##### Supplied data #####

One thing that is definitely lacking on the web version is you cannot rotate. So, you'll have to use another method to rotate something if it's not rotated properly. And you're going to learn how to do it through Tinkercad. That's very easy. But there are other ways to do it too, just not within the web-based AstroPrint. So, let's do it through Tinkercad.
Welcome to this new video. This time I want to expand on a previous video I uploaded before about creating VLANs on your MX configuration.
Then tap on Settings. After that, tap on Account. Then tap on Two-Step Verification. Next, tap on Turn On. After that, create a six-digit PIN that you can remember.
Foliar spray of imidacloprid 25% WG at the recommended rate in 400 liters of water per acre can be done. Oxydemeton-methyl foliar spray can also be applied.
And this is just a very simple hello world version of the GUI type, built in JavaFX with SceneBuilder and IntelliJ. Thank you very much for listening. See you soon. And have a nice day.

#####
##### Supplied data #####

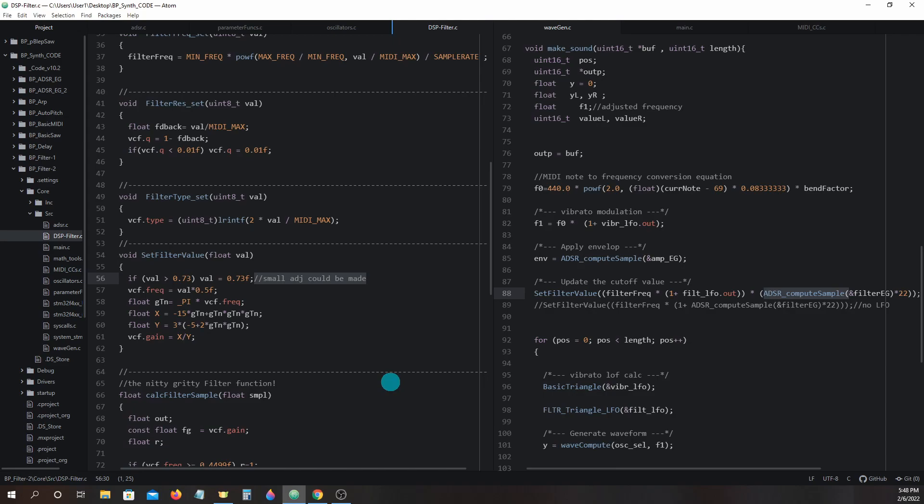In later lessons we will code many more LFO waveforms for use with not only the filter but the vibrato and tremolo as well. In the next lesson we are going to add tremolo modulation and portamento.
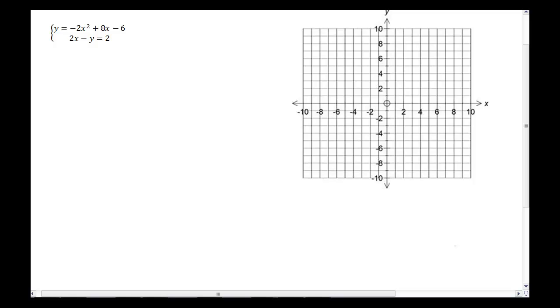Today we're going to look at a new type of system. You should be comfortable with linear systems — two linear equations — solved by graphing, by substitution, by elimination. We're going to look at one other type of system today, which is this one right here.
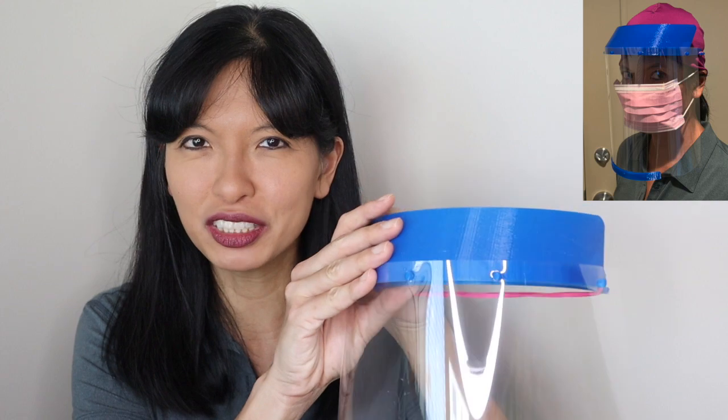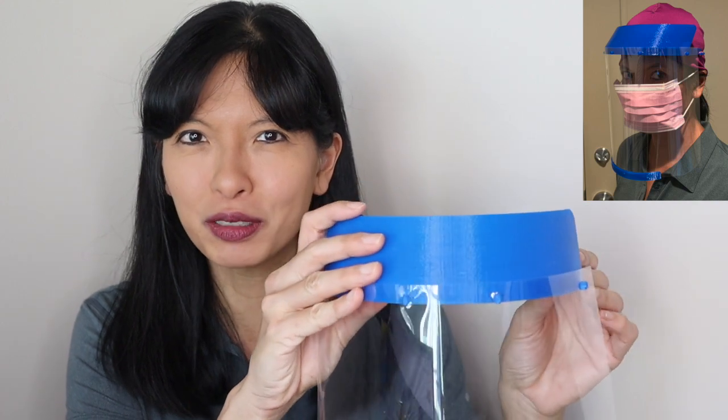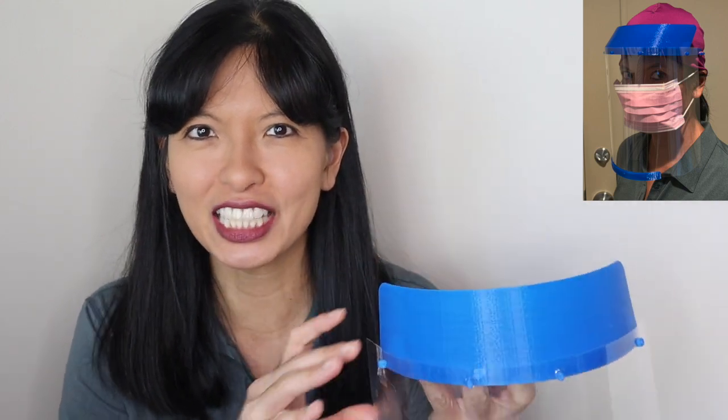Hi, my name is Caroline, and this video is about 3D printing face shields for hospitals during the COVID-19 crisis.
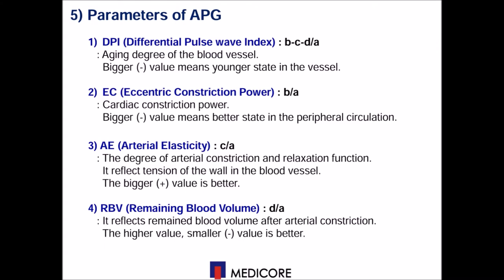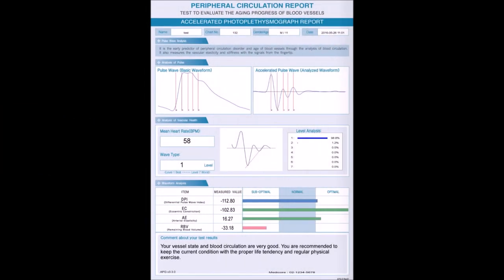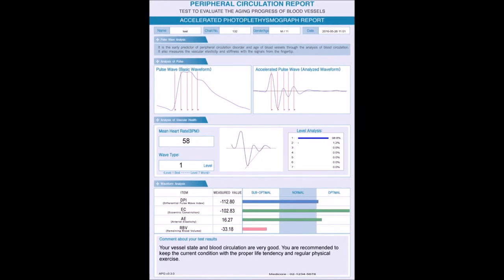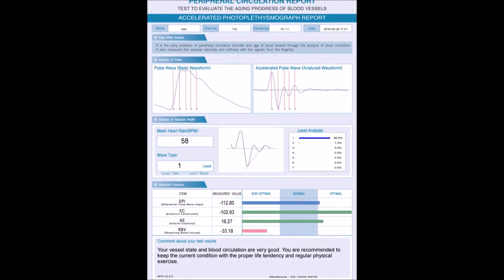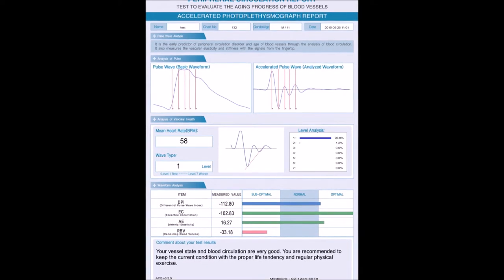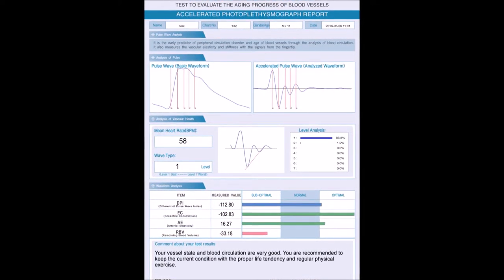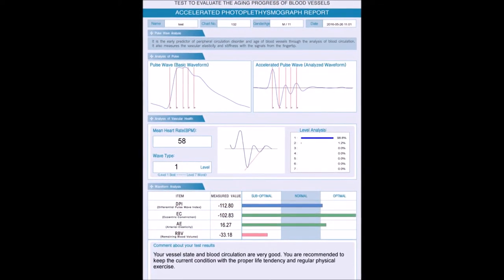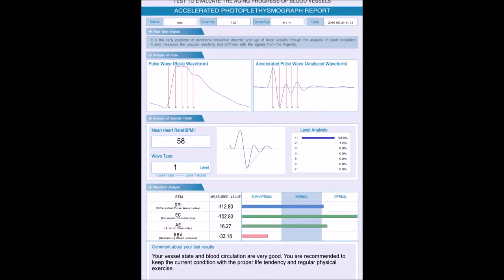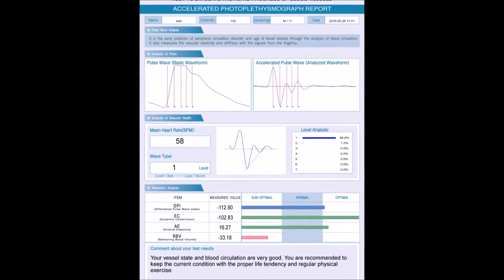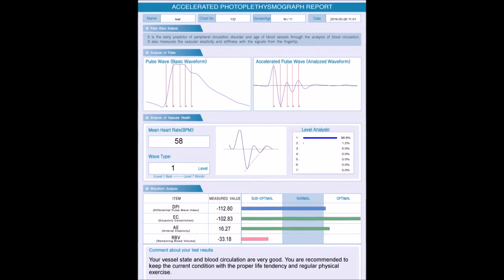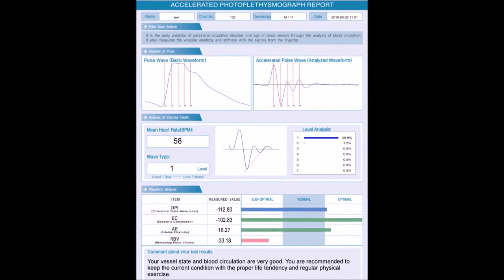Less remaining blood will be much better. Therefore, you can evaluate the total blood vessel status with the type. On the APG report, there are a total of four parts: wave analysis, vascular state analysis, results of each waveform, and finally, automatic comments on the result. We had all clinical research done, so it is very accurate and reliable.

#####

**Work required**: Output should match, line for line, the stretch of the material above from the line holding "One thing that" through the line holding "Then tap on Settings.".

**Task output**:
One thing that is definitely lacking on the web version is you cannot rotate. So, you'll have to use another method to rotate something if it's not rotated properly. And you're going to learn how to do it through Tinkercad. That's very easy. But there are other ways to do it too, just not within the web-based AstroPrint. So, let's do it through Tinkercad.
Welcome to this new video. This time I want to expand on a previous video I uploaded before about creating VLANs on your MX configuration.
Then tap on Settings. After that, tap on Account. Then tap on Two-Step Verification. Next, tap on Turn On. After that, create a six-digit PIN that you can remember.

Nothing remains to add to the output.